- [PROBLEM TO WORK ON] The listing below holds pictures; exclude them. Return exactly the lines from the one with "this 800×450 image." through the one with "this 350×262 image.".

RAW DATA Start Marker

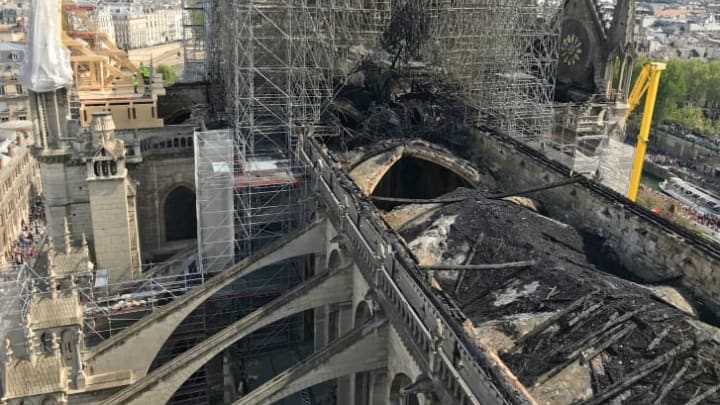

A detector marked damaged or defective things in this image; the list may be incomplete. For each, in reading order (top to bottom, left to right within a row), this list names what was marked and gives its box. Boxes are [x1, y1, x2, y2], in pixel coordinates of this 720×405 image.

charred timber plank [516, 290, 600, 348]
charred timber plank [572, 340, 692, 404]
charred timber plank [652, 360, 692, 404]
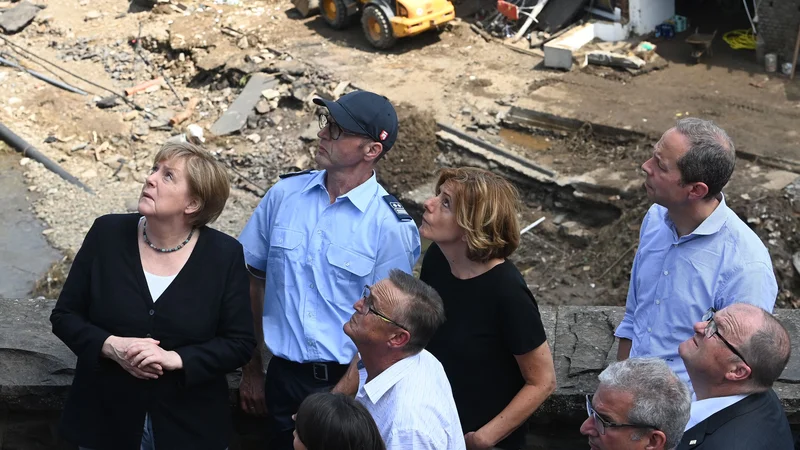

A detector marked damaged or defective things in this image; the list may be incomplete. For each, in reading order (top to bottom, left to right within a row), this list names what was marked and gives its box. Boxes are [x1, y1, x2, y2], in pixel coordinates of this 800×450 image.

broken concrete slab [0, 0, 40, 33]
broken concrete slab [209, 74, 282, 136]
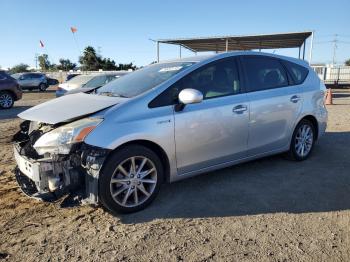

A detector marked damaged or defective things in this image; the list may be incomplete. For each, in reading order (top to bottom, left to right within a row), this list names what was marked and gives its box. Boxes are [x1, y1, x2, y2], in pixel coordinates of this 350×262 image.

RAW DATA End Marker
RAW DATA Start Marker

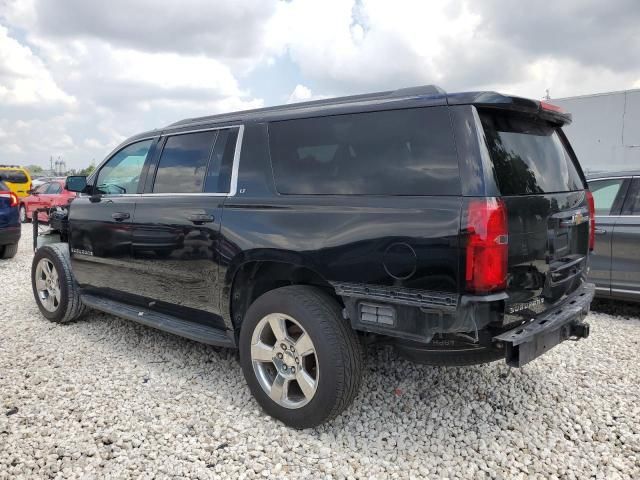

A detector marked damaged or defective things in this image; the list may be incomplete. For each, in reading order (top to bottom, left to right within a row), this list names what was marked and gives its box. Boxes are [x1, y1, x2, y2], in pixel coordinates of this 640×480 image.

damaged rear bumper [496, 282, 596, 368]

RAW DATA End Marker

- [RESPONSE]
A detector marked damaged or defective things in this image; the list may be incomplete. For each, in reading order (top to bottom, left to right within a row), this list names what was marked and gives its box. Boxes are [x1, y1, x2, y2], in pixel coordinates of this 800×450 image.

broken concrete slab [0, 0, 40, 33]
broken concrete slab [209, 74, 282, 136]

A detector marked damaged or defective things in this image; the list may be incomplete. For each, in reading order (top to bottom, left to right within a row), this list names what was marked and gives its box. Boxes are [x1, y1, x2, y2], in pixel coordinates of this 350×262 image.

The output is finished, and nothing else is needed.